EUR/JPY Technical Analysis: Down Trend May Be Resuming (27/08/15)
The Euro looks poised to renew its down trend against the Japanese Yen after prices broke through support guiding the correction higher from early-July lows. The cross has lagged selling in other Yen pairs as both currencies benefitted from spreading risk aversion but a degree of catch-up weakness may now materialize.
Sellers are aiming at support in the 134.98-135.11 area, marked by the August 5 low and the 50% Fibonacci expansion. A break below this barrier on a daily closing basis exposes the next downside threshold at 134.20, the 61.8% level. Alternatively, a push above the 136.03-11 zone – the intersection of trend line support-turned-resistance and the 38.2% Fib – opens the door for a challenge of the 136.96-137.16 region (July 10 close, 23.6% expansion).
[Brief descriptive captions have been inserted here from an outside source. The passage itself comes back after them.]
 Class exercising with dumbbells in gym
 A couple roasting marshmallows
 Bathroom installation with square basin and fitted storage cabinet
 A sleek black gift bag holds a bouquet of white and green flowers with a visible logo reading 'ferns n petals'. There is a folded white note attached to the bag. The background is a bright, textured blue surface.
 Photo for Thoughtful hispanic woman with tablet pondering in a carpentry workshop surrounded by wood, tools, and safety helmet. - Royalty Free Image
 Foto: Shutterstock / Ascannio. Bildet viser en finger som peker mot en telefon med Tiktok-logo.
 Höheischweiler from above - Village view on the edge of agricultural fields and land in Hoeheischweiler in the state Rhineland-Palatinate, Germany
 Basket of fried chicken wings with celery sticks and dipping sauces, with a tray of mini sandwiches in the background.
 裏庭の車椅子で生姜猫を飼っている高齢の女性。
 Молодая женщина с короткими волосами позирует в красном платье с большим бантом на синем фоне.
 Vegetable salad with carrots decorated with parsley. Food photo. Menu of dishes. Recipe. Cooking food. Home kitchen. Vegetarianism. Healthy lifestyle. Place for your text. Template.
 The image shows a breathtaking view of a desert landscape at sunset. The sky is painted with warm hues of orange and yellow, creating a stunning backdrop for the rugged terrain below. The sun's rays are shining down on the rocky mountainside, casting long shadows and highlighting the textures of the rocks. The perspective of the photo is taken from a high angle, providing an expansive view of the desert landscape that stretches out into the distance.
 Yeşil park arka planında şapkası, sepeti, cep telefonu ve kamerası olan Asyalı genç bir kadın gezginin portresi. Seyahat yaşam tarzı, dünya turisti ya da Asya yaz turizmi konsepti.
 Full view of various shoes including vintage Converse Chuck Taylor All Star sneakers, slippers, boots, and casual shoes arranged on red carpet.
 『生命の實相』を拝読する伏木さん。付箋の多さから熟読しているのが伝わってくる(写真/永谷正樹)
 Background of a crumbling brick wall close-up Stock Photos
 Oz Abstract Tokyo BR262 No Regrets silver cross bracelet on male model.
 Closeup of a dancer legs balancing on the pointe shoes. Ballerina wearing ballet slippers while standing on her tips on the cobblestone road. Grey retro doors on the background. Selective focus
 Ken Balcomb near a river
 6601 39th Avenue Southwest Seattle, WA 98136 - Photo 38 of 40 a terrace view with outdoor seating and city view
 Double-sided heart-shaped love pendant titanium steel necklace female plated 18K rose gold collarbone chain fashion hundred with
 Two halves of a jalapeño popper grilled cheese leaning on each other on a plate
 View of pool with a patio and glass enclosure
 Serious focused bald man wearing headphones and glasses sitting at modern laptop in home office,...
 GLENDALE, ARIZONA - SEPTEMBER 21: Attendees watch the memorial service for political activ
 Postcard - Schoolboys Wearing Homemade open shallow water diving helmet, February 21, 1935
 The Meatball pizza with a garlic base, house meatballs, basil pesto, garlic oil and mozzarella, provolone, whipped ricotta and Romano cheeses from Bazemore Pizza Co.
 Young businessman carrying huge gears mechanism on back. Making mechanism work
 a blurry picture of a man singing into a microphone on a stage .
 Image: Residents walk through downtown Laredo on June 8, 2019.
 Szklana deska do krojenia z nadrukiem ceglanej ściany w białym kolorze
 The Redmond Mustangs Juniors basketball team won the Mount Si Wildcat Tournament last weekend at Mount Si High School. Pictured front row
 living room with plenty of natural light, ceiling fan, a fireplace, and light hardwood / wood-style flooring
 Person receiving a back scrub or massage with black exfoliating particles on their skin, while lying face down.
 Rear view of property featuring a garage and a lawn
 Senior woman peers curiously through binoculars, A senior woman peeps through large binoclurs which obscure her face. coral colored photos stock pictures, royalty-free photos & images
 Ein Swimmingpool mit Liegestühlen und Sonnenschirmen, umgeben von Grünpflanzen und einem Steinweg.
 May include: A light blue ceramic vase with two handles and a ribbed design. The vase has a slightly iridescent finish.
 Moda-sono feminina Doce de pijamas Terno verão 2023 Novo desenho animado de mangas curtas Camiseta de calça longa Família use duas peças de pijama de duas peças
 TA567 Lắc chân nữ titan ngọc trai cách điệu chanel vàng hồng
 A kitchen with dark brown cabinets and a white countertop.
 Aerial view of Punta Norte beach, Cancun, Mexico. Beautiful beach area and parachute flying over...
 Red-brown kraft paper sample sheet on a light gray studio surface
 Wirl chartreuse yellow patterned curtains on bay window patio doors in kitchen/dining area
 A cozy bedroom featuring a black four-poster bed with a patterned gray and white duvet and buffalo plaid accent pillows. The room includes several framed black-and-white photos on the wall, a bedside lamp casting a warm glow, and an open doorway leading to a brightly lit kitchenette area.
While entering short is a thematically tempting proposition, risk/reward considerations argue against taking the trade. The available trading range is smaller than daily ATR, meaning even a short directly at near-term resistance would imply exposure to greater risk than the implied potential reward (assuming a stop-loss triggered on a daily closing basis as our strategy envisions). With that in mind, we will remain flat for now and wait for a more compelling opportunity to present itself.